How to limit Coiled’s access to your AWS resources#

This article aims to provide you with some guidance on how to limit our access to your AWS resources and handle permissions in different phases of your pipeline. We will also talk briefly about the permissions you configured initially (see Configuring AWS).

Permissions#

On the backends, AWS documentation, you can find an IAM policy template under Using your AWS account, this template contains two sets of permissions - Setup and Ongoing.

The Setup set is used to set up all the network resources and roles that Coiled will use when launching a cluster in your AWS account. Once you’ve input your credentials and successfully created a Coiled cluster in your AWS account, you can remove this set of permissions in the future once Coiled has created all the needed resources for you.

The Ongoing set contains the permissions that Coiled needs to launch clusters in your account. Here you find permissions related to software environments, getting logs and so on.

Note

Most of the resources that Coiled creates will contain the tag owner: coiled to allow you to identify what we created.

Giving access#

When you set up Coiled to use your AWS account, data is run within your VPC (see Resources). If you want to limit Coiled’s access to your AWS resources even further, you can do this with users and roles.
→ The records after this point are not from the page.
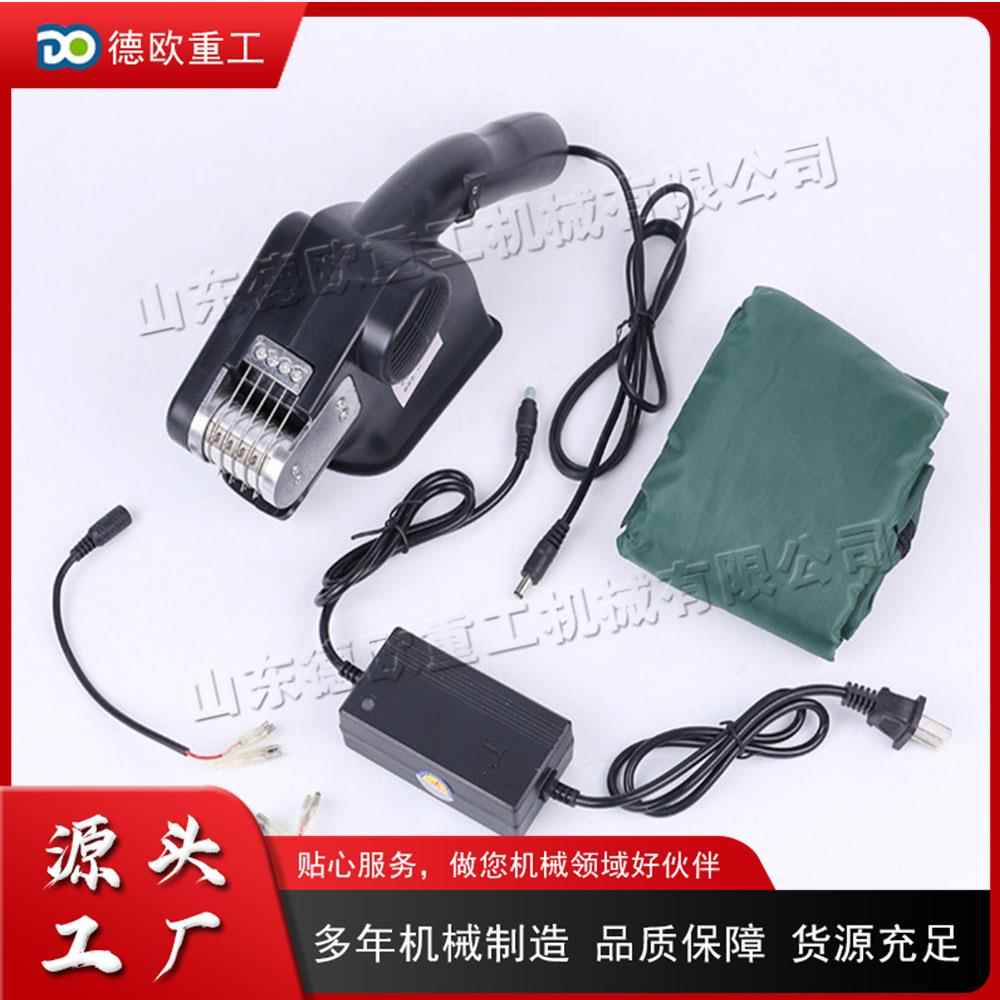 便携式电动采棉机 小型手提背负式摘棉机 单人棉花采摘机收获机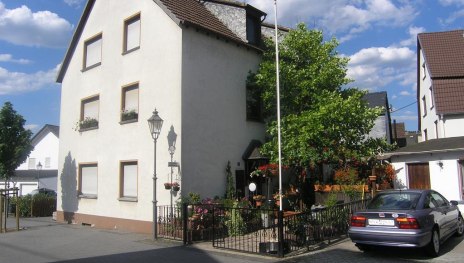 Hausansicht | &copy; Ute Heubes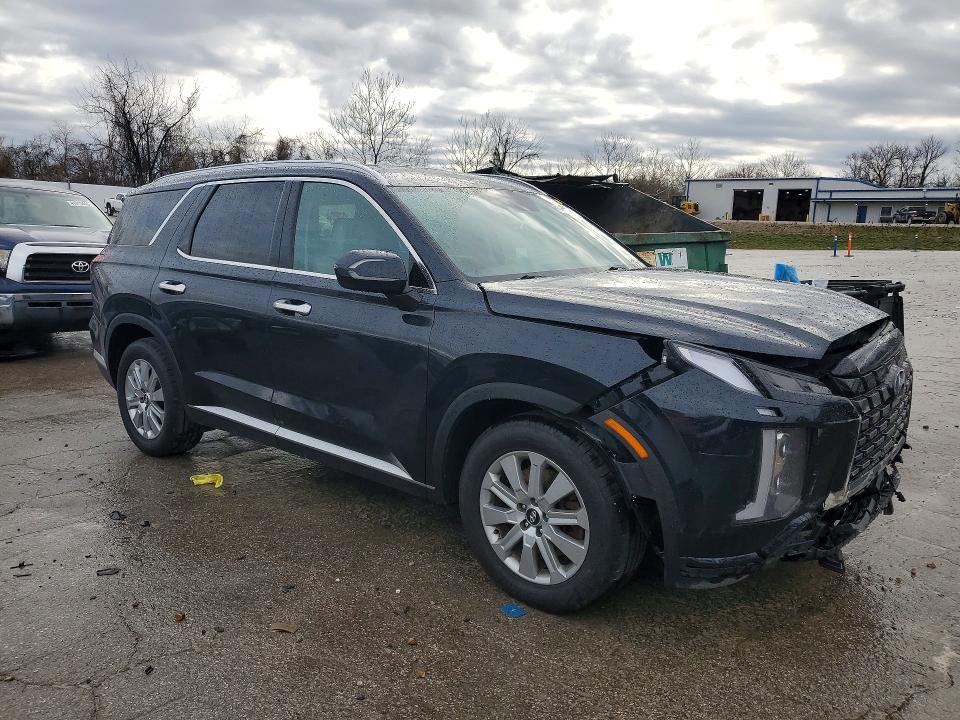 2024 Hyundai Palisade მანქანა იყიდება აუქციონზე, vin: KM8R24GEXRU792041, აუქციონის ნომერი: 45683856
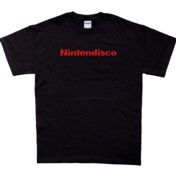 Nintendisco Logo T-Shirt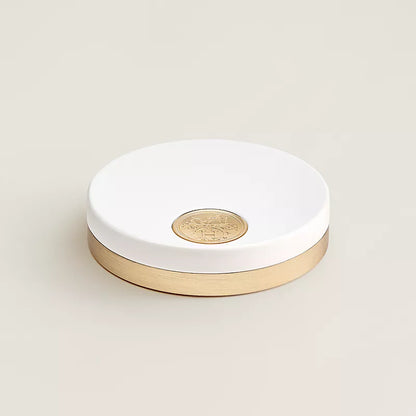 Silky blush powder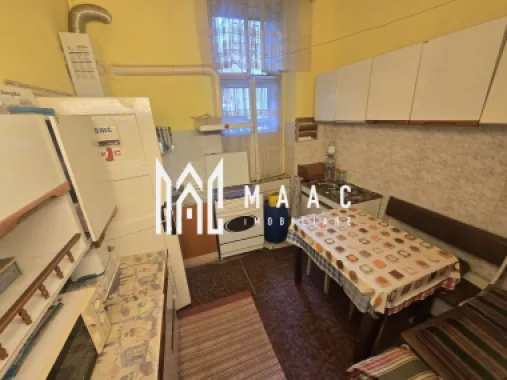 Apartament 2 camere garaj pivnita 31mp zona Andrei Saguna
By creating a user within your AWS account, you can give access to only those resources that you are comfortable sharing. Then you can create different roles that have a more restricted set of permissions.

Note

If you have an AWS Organization, you might need to follow the AWS documentation on creating an account in your organization.

Example: S3 restrictions#

Let’s assume that you have created a coiled user in your AWS account. This user has read permissions to an S3 bucket that you own, but you created a role that doesn’t allow access to the bucket.

import coiled
import dask.dataframe as dd
from dask.distributed import Client

cluster = coiled.Cluster()
client = Client(cluster)

df = dd.read_csv("s3://your-s3-url-here")

If you switch to the role that doesn’t allow access to S3, the code above will fail with a permissions error.